Since we are talking about enemies, let's turn to the combat and role-playing systems. Both are at a very rudimentary level. The battle in the game takes place in an arcade style: there are two types of attacks and a block (which is practically useless), the essence of the battle, as a rule, is to swing the sword without stopping - the enemies themselves will go at it without having time to make their blow . In this way, it is possible to defeat most enemies, such as orcs and ogres, without damage. The exceptions are the spiders in the forest, which deal damage even if the sword is constantly swinging. But there is also a non-violent way of passing against them. With the role-playing system, things are a little better - there are no classes, levels or abilities. There is only an inventory, dialogues with NPCs using keywords and the ability to trade with some of them. And, of course, a huge number of items, both those that can be picked up and used, and those that simply stand on the locations. And each item has a detailed description that really contributes to immersion in the game! Especially nasty objects like corpses or skulls can even be sniffed! By the way, the game has a lot of humor and references to Tolkien. What is the spell "Boromir Palantir!", which needs to open the way to the Mage's house, worth! Or save options or formatting the save floppy called "Magic".

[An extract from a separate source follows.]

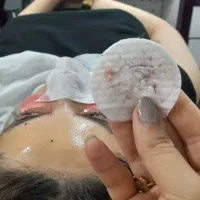 درماپلنینگ وپاکسازی صورت بادستگاه خدمات اموزش فردا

And yet, despite all the charm of Darkmere, flaws do not allow her to give her the highest score. The obvious drawback is mainly affected - management. It is probably impossible to make a big, complex game with options, viewing places, inventory and at the same time leaving the arcade control of the joystick. The authors of the game did not succeed either. Looking around each screen, picking up all the items one at a time, requires so many arrows and joystick button presses that it can tire the robot as well. The combat system and mysteries that are too obscure are another reason why you might not want to play Darkmere. The artificial delay of the game, when you have to run from one end of the map to the other several times (as, for example, in the case of using the Mushroom Nymph in the forest), is also not happy. It is also difficult to praise the soundtrack - there is almost no music in the game. For most of the game, you will be accompanied by the howling of the wind in the village or the singing of birds in the forest. Of course, it also gives atmosphere, but after a while it is already more annoying than it brings pleasure.
I would like to end on a positive note. After all, those who can get used to the controls and not pay attention to other shortcomings will enjoy the passage, comparable to reading a great fantasy book or watching a masterfully drawn cartoon.